━━━━━ Records for the task

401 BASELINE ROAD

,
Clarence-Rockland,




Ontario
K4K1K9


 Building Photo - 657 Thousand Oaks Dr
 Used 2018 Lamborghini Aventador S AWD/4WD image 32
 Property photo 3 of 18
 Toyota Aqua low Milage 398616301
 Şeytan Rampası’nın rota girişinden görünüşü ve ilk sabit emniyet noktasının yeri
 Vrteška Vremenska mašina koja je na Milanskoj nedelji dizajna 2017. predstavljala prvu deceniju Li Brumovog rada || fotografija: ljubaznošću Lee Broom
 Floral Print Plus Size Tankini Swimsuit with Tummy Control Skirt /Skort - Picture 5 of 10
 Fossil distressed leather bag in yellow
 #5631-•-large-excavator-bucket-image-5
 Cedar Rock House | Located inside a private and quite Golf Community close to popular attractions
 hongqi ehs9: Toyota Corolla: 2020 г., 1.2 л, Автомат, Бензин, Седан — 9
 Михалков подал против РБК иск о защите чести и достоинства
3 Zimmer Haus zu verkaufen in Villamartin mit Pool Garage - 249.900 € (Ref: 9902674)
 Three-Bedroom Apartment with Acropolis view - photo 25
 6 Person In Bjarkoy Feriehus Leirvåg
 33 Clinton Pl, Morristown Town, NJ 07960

━━━━━━━━━━

[What needs to be done] Faithfully transcribe the whole of the data.

[Problem solution]
401 BASELINE ROAD

,
Clarence-Rockland,




Ontario
K4K1K9


 Building Photo - 657 Thousand Oaks Dr
 Used 2018 Lamborghini Aventador S AWD/4WD image 32
 Property photo 3 of 18
 Toyota Aqua low Milage 398616301
 Şeytan Rampası’nın rota girişinden görünüşü ve ilk sabit emniyet noktasının yeri
 Vrteška Vremenska mašina koja je na Milanskoj nedelji dizajna 2017. predstavljala prvu deceniju Li Brumovog rada || fotografija: ljubaznošću Lee Broom
 Floral Print Plus Size Tankini Swimsuit with Tummy Control Skirt /Skort - Picture 5 of 10
 Fossil distressed leather bag in yellow
 #5631-•-large-excavator-bucket-image-5
 Cedar Rock House | Located inside a private and quite Golf Community close to popular attractions
 hongqi ehs9: Toyota Corolla: 2020 г., 1.2 л, Автомат, Бензин, Седан — 9
 Михалков подал против РБК иск о защите чести и достоинства
3 Zimmer Haus zu verkaufen in Villamartin mit Pool Garage - 249.900 € (Ref: 9902674)
 Three-Bedroom Apartment with Acropolis view - photo 25
 6 Person In Bjarkoy Feriehus Leirvåg
 33 Clinton Pl, Morristown Town, NJ 07960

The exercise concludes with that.